AVAILABLE DATA
============================================================

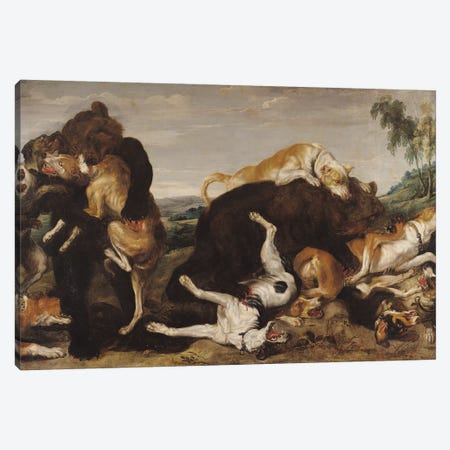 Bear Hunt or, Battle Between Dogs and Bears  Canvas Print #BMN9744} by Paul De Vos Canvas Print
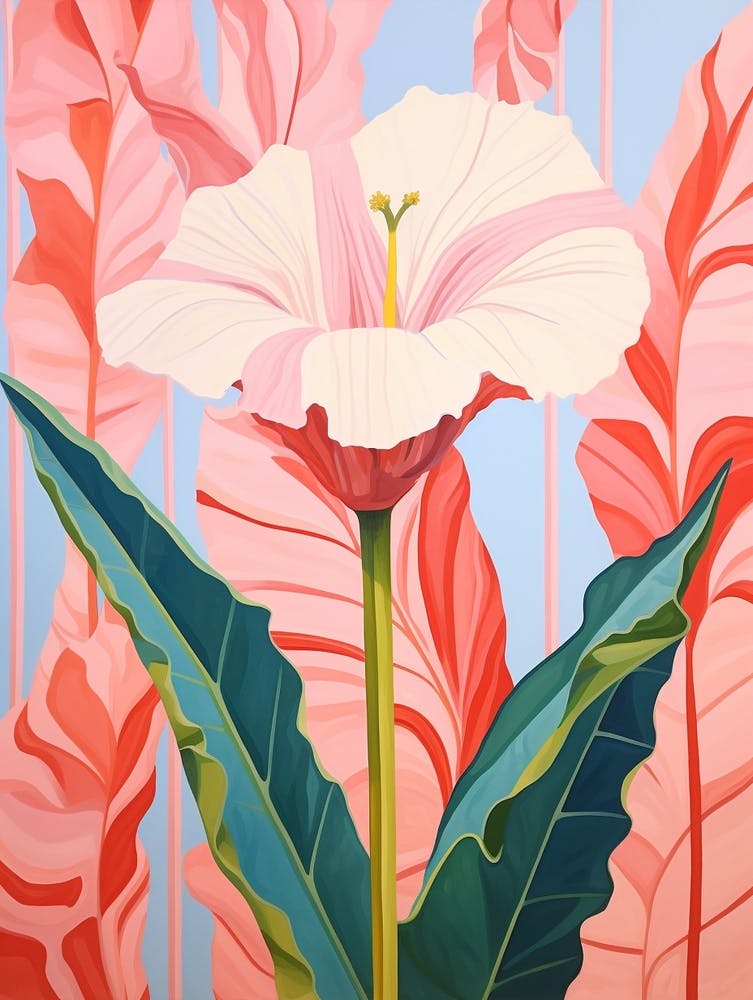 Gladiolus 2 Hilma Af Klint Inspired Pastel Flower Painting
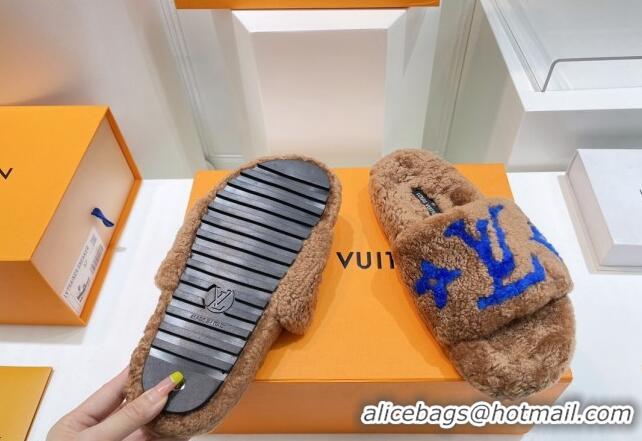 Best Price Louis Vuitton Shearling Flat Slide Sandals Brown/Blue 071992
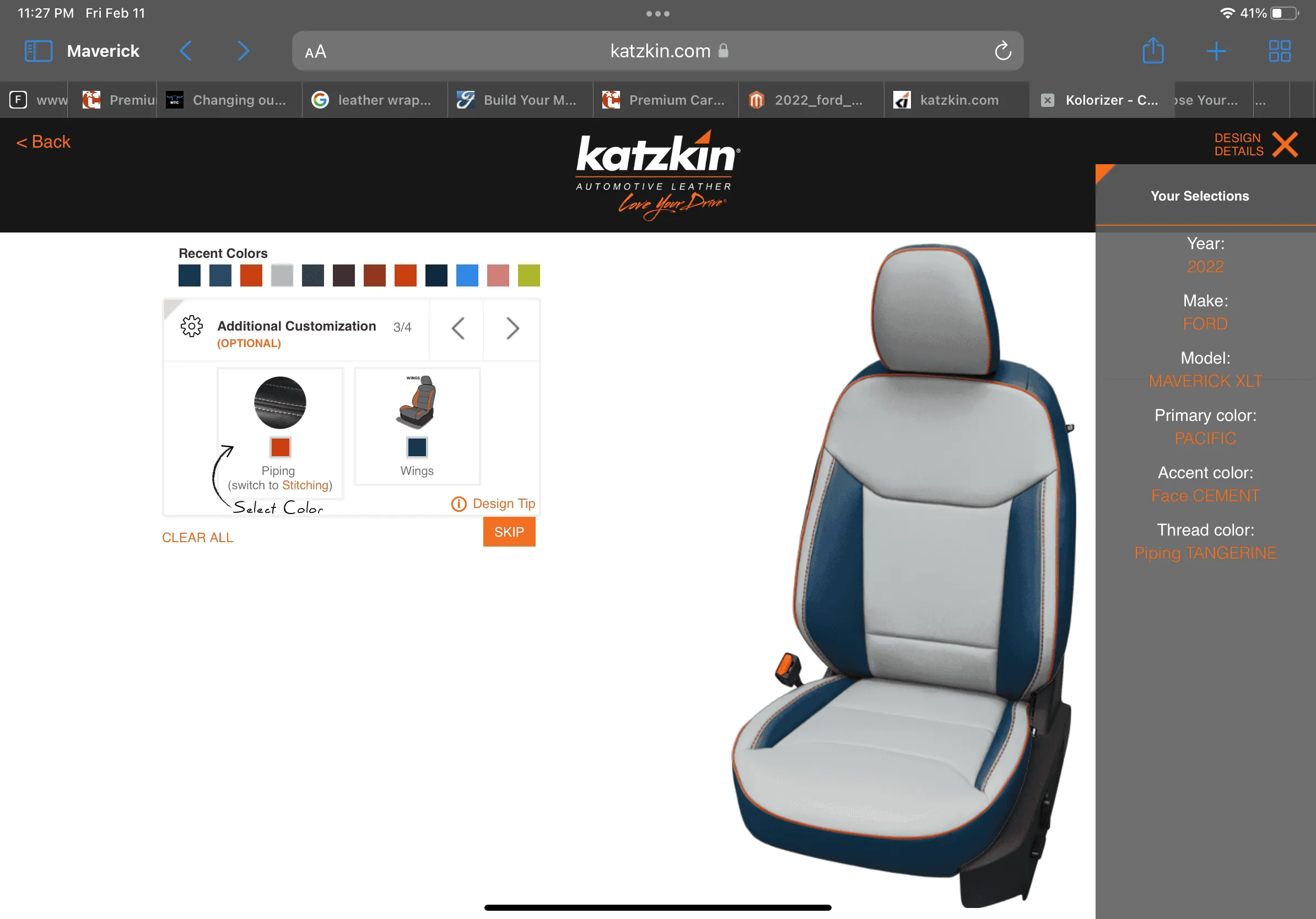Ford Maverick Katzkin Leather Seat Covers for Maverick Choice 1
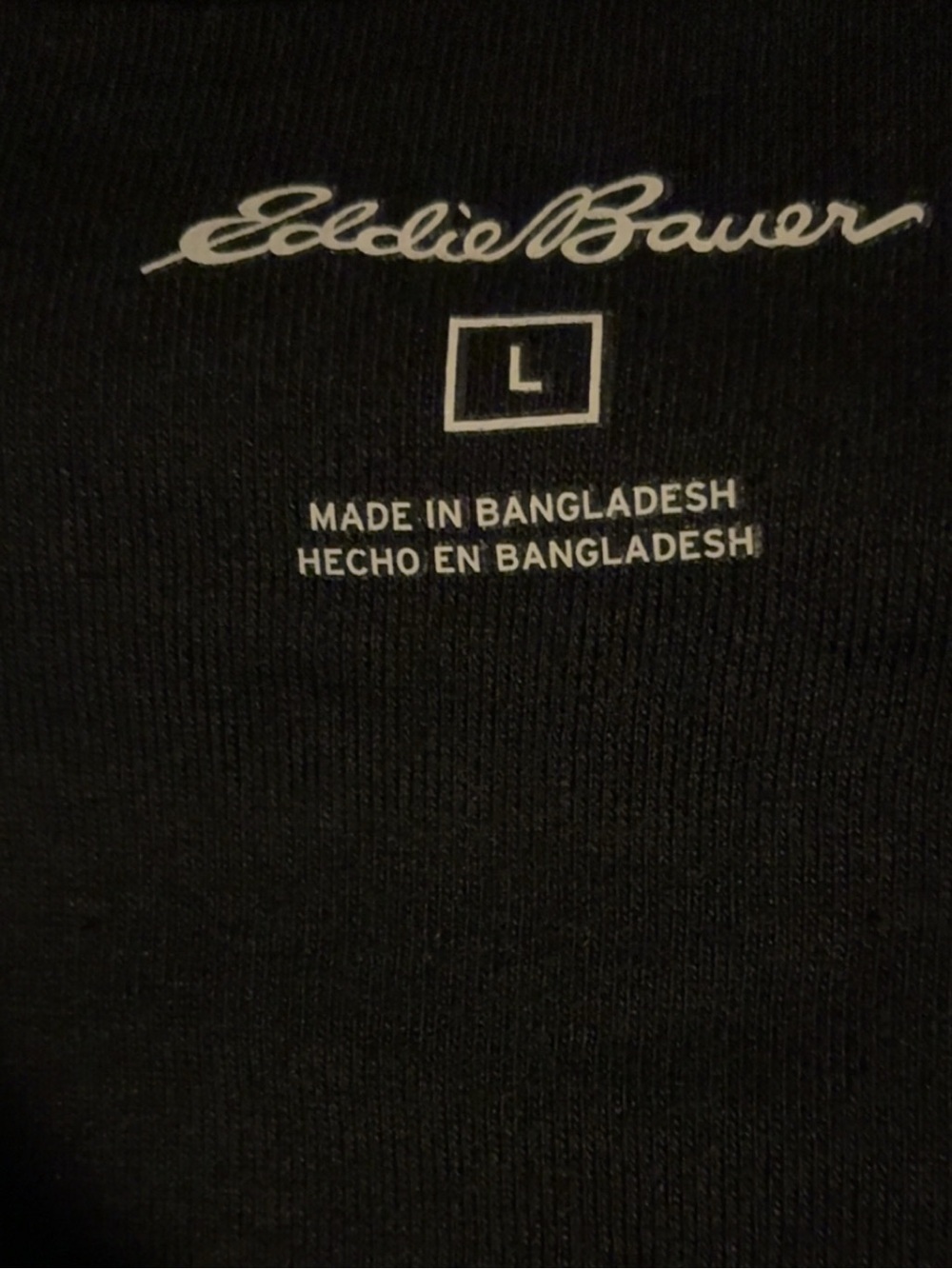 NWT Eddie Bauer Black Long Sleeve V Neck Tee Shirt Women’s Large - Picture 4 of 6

============================================================

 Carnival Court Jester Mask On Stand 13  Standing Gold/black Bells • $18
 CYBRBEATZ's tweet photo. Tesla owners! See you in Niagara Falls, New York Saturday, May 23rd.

============================================================

EXERCISE INSTRUCTIONS
Pictures aside, print exactly the lines above starting with the one containing "Best Price Louis" and going on through the one containing "NWT Eddie Bauer".

ANSWER TO THIS TASK
 Best Price Louis Vuitton Shearling Flat Slide Sandals Brown/Blue 071992
Ford Maverick Katzkin Leather Seat Covers for Maverick Choice 1
 NWT Eddie Bauer Black Long Sleeve V Neck Tee Shirt Women’s Large - Picture 4 of 6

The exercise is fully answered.